Gold price forecast: Lower high formed at former support-turned-hurdle
|- Gold has created a third bearish lower high at the head-and-shoulders neckline resistance.
- The 200-day moving average (MA), currently at $1,252 could be put to test before the weekend.
Gold risks falling to fresh 4.5-month lows, having charted a bearish lower high along the former support-turned-resistance.
The yellow metal is currently trading at $1,273 per Oz, representing a 0.28% gain on the day.
Prices fell sharply in 13 days to April 23 to hit a low of $1,266, as the American Dollar was better bid back then with upbeat macro data releases pointing to a better-than-expected first quarter economic performance.

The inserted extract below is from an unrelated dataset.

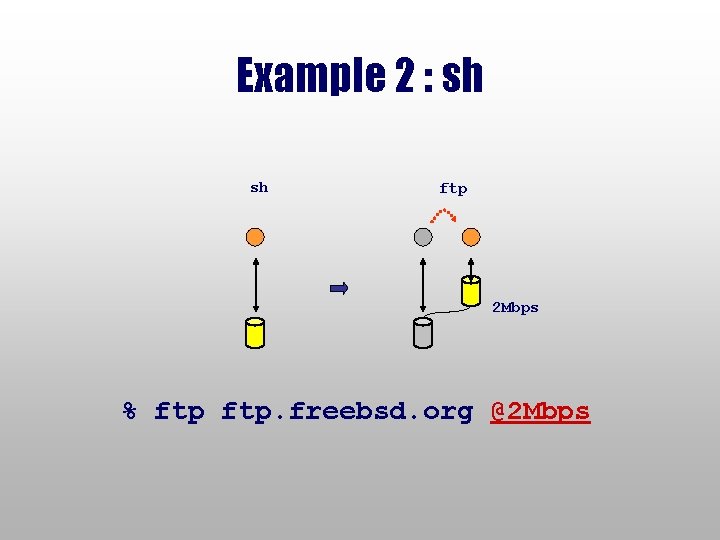 Example 2 : sh sh ftp 2 Mbps % ftp. freebsd. org @2 Mbps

The GDP number did print well above estimates, however, the details of the report showed that inventories bumped up the growth rate, while consumer spending, the main engine of the US economy, slowed.

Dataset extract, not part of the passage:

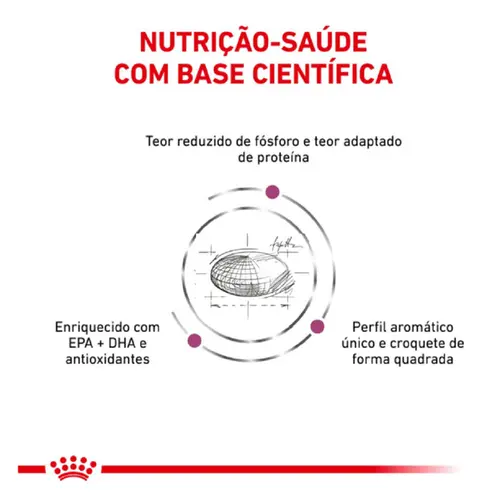 ROYAL CANIN RENAL SPECIAL CANINE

As a result, markets offered the greenback following the release of the US GDP last Friday, helping the safe-haven metal regain some poise. The metal jumped 0.69% to a high of $1,288 and looked set to test $1,300 this week.
The bounce, however, has been cut short by the former support-turned-resistance of $1,286 (head-and-shoulders neckline). The failure to beat the key resistance could be associated with the post-Fed rise in the US Dollar. On Wednesday, Fed's Powell pushed back rate cut expectations by associating low inflation with transitory factors. Powell added further that there is no strong case for a rate move in either direction.
Daily chart
As can be seen, gold has charted a third bearish lower high along the head-and-shoulders neckline, reinforcing the bearish view put forward by the downside break of the neckline support on April 16.
The relative strength index (RSI) is reporting bearish conditions with a below-50 print.
Further, the chart also shows an impending bearish crossover of the 50- and 100-day moving averages (MAs). The 20- and 30-day MAs are also trending south, indicating a bearish setup. As a result, a drop to the 200-day MA, currently at $1,252, could be seen in the next 24 hours or so.